Shrag – Canines – album review

Shrag – Canines (Fortuna POP!)
CD / DL / LP
Available from 2 July 2012

The third album from Shrag sees them put some meat on the bones of indiepop turning up the volume on sharp beats and growling guitars paired with edgy and strong songwriting.

Straining hard at the leash of indiepop, knuckles bloody from the playing and teeth bared for some up front tunes Shrag’s third album, Canines, has them hit their stride. Their sound is knocked about on this record, black and blue from the blows of scuzzy growling guitar then soothed with crescendos of keys.

It’s a fine record; twee vocal lines balanced by accomplished songwriting and – sometimes discordant, sometimes melodic – musical flourishes.

The male/female call-and-response vocal has a punky yet dark feel adding grit to the modern romantic tales told in the words. There’s a grunge undertone, a slithering riff spiralling out from the album’s shadows. Here too is ’90s indie – a hint of Lush in the lilt of the lyrics, a touch of Bis in the shouts and sounds that urge you to get up and dance.

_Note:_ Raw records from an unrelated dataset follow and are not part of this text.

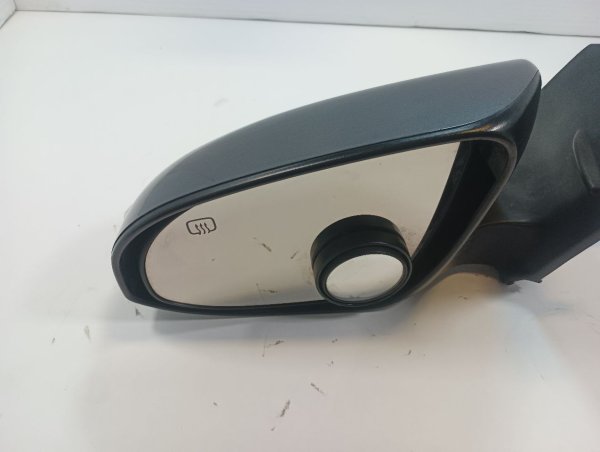 OEM Gray Side/Door Mirror for 2014, 2015, 2016, 2017, 2018, 2019 Toyota Corolla - Left (Driver)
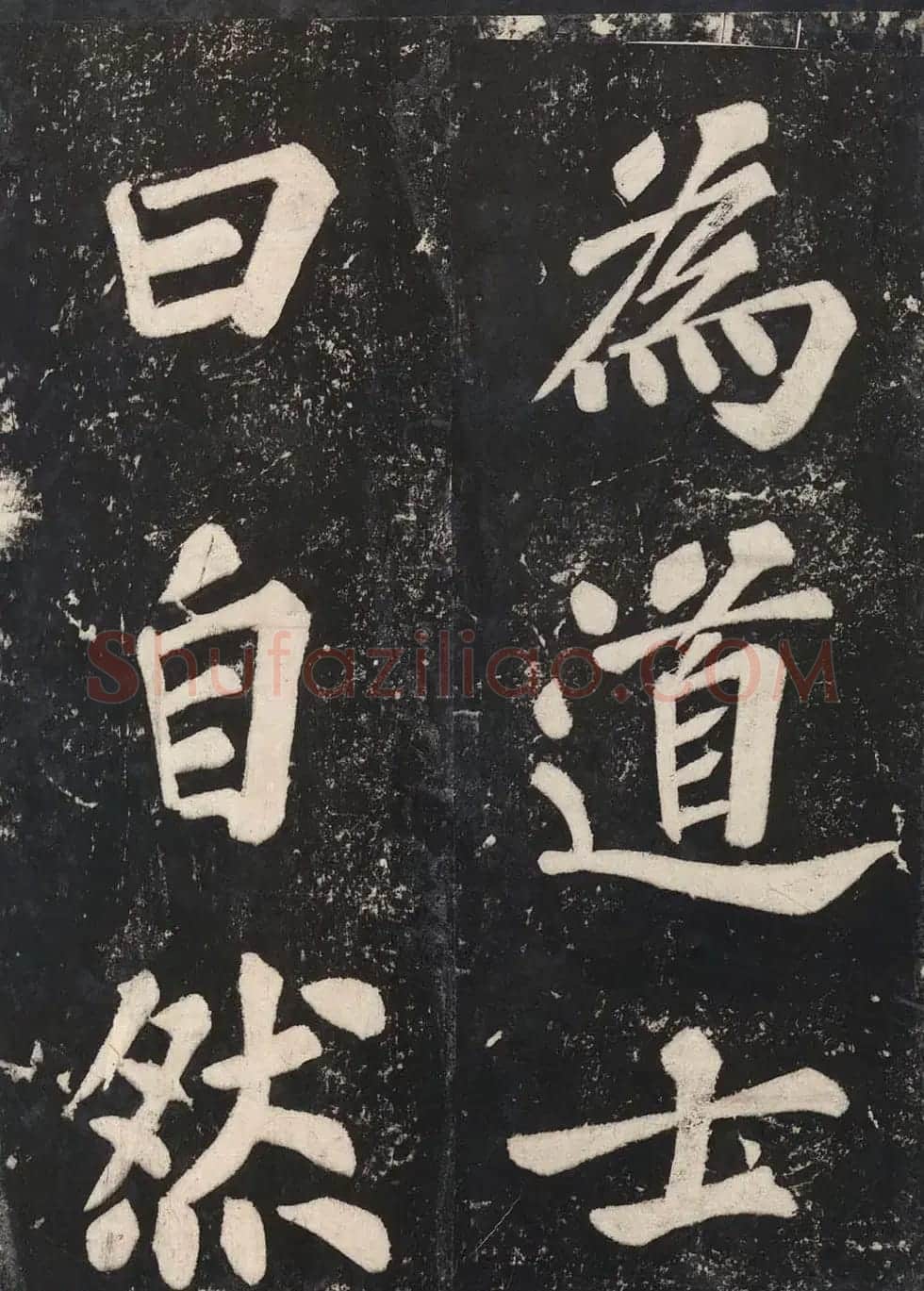 苏东坡43岁大字楷书《表忠观碑帖》 | 软笔书法作品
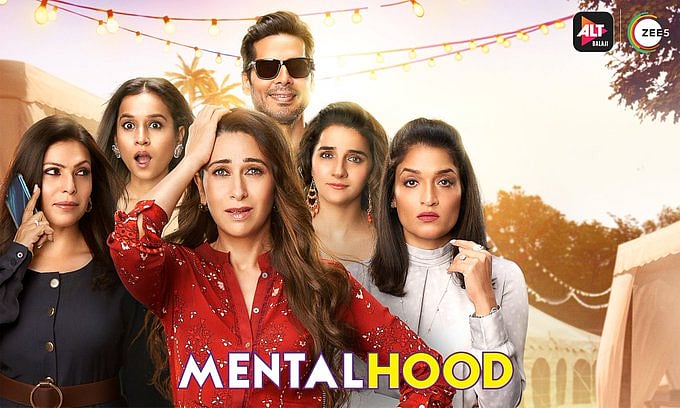 ‘Because every moment is madness’: ALTBalaji, ZEE5 release trailer of motherhood based series ‘Mentalhood’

It’s a mature offering that hasn’t lost a sense of abandon and fun. This record knows the weight of a thing but also how to let it fall from your shoulders now and then.

Helen (King, vocals and keys) describes the album:

“It’s a pop record about bones and skin and cities and compulsions and love and confusion. It’s a bit strange, but you can dance to some of it and it makes a particular kind of sense to us, which feels very exciting.”

Bob (Brown, guitar and vocals) picks up the record’s tale:

“I wanted to make an album that was, musically, a bit deranged. Too many albums start the same, end the same and have the same sounding stuff in between.

“Why not make an album that starts like Metal Machine Music and ends like Wichita Lineman?”

He adds:

“And it needed a glam rock stomper somewhere in between. That was the only other stipulation. I’m from Wolverhampton. It seemed like the right thing to do.”

There is certainly a variety in the tunes collected here. From the sweat-drenched lo-fi punk pop of Show Us Your Canines to the sweet maudlin refrain of album closer Jane with Dumbbells.

Shrag, along with a few other bands such as Evans the Death and Joanna Gruesome, have added meat to the bones of indiepop. Taking the DIY ethic they’ve slammed together indiepop’s fey innocence with the visceral attitude and volume of punk rock.

Well worth a listen if you like your pop with a little less jangle and a little more roar.